The time from laying to hatching is 29–30 days for Bewick’s swan and 30–32 days for the whistling swan. Since they nest in chilly areas, tundra swan cygnets develop quicker than these of swans breeding in hotter climates; these of whistling swan takes about 60–75 days to fledge—

twice as quick as these of the mute swan for instance—whereas these of Bewick’s swan, about which little breeding knowledge is understood, could fledge a record 40–45 days after hatching already.

The fledglings stick with their parents for the first winter migration.
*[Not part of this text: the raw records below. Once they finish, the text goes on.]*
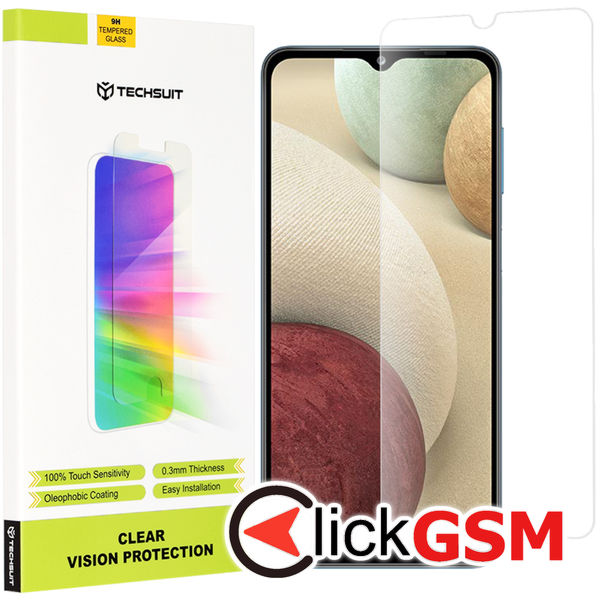 Techsuit - Clear Vision Glass - Samsung Galaxy A12 / A12 Nacho / A02 / M02 / M12 / F12 / A32 5G - Transparent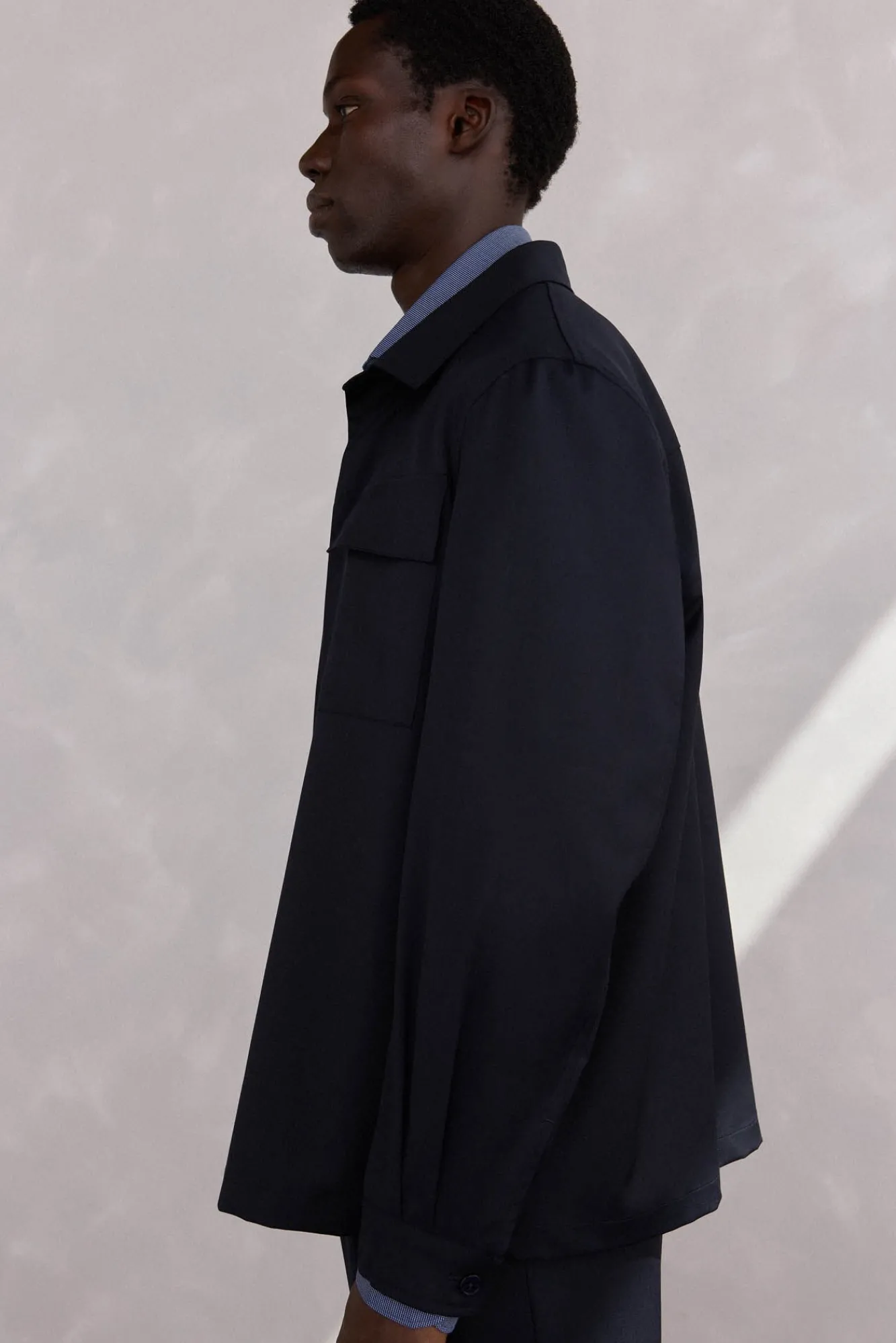 Pedro del Hierro Camisas-Sobrecamisa de terno de lã Azul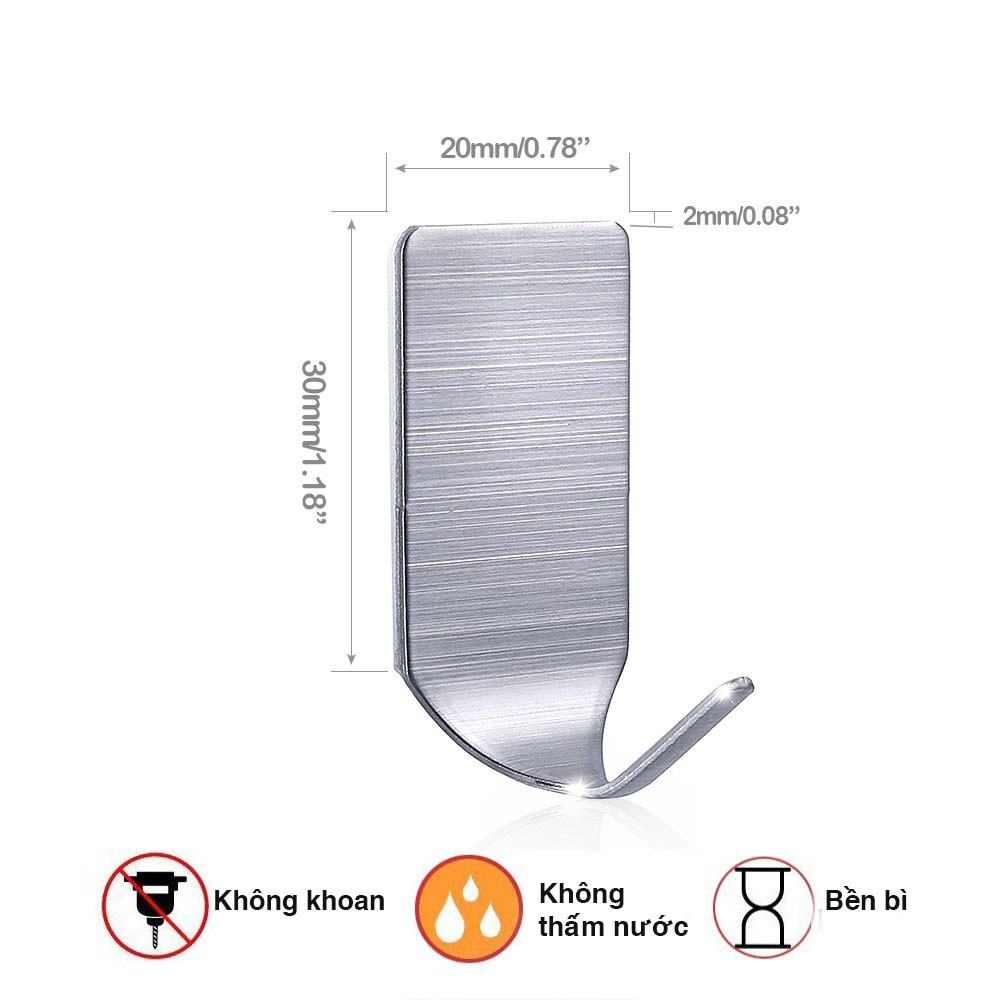 Combo 12 móc inox dán tường gạch men siêu dính kèm keo dán 3M - móc dán tường inox 304 gạch men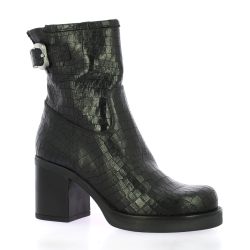 Spaziozero Boots cuir croco noir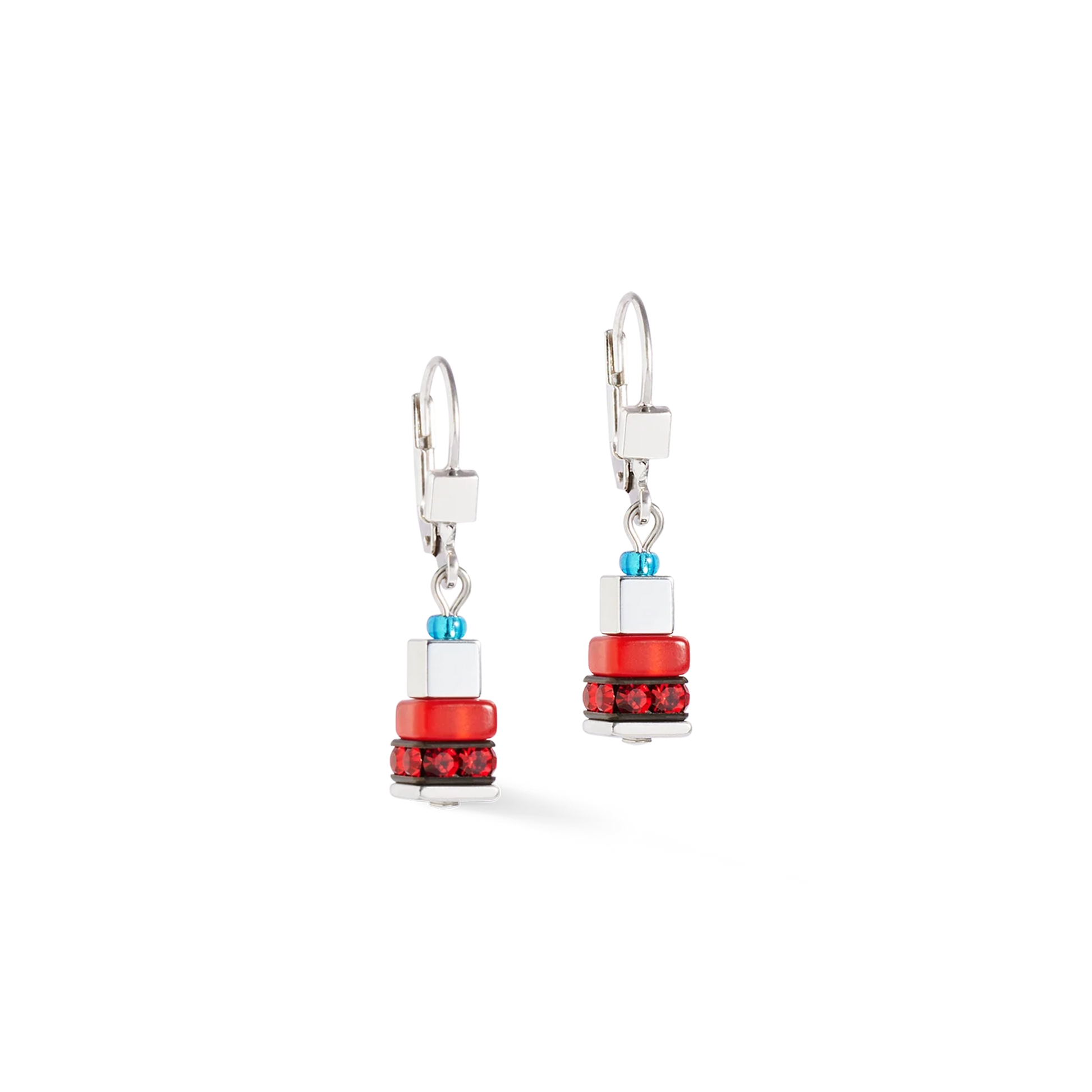Steel drop earrings with red and blue cube stones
The family is usually even joined by their offspring from earlier breeding seasons whereas on the wintering grounds; Tundra swans don’t attain sexual maturity till 3 or 4 years of age.

Tundra Swan


Tundra Swans migrate long distances in family teams. They depart the nesting area in late summer and stage in close-by estuaries before heading to the wintering grounds in mid-fall. In the spring, the birds make shorter flights with more stopovers than within the fall.

Tundra Swan Conservation

The most quite a few and widespread of the North American swans, the Tundra Swan is much less affected by human settlement than the bigger Trumpeter Swan.

Destruction of wetlands within the winter range has diminished former meal sources, however, the Tundra Swan has tailored by shifting its winter habitat to agricultural fields.

Lead poisoning has long been an issue for this species as a result of ingesting only some lead pellets can kill a swan. This normally impacts only some birds, however giant die-offs have occurred. The population seems stable. Limited looking happens in some western states.